- DATA BELOW:
>>

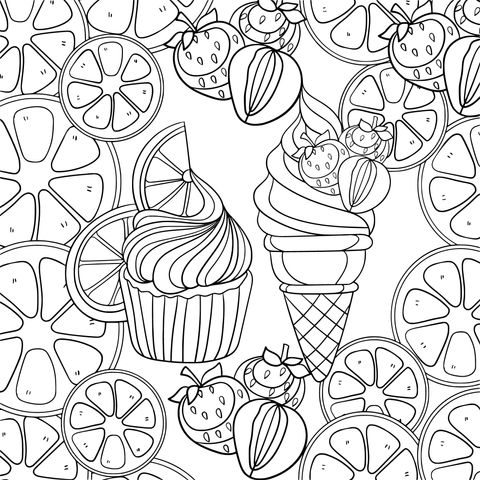 Página de Colorear con Frutas y Postres Coloridos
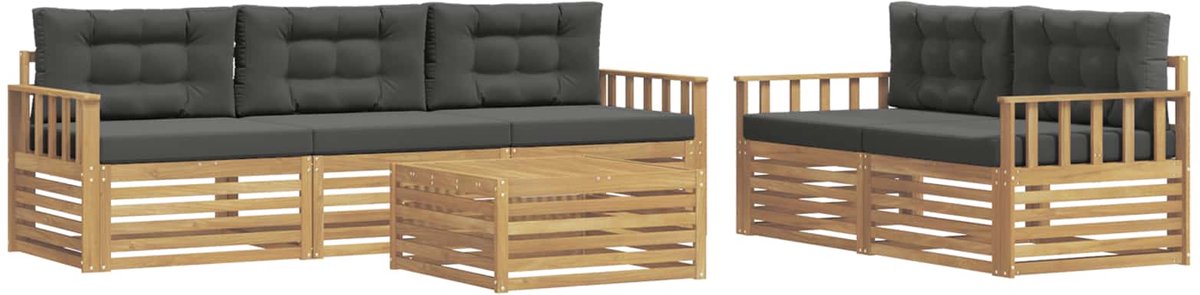 vidaXL Buiten - bank - set - 6 - st - 5-zits - Wit - en - antracietkleurig Wit en antracietkleurig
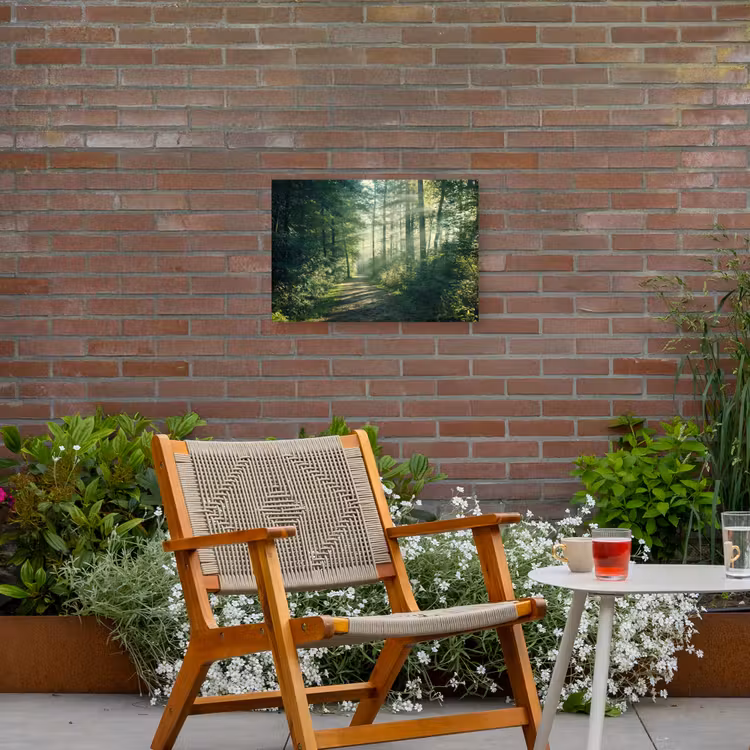 Buiten canvas - Bosweg in ochtendlicht — 2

<<

- TASK BRIEF: Repeat the data above in full and exactly. Omit every image.

- PROBLEM SOLUTION:
 Página de Colorear con Frutas y Postres Coloridos
 vidaXL Buiten - bank - set - 6 - st - 5-zits - Wit - en - antracietkleurig Wit en antracietkleurig
 Buiten canvas - Bosweg in ochtendlicht — 2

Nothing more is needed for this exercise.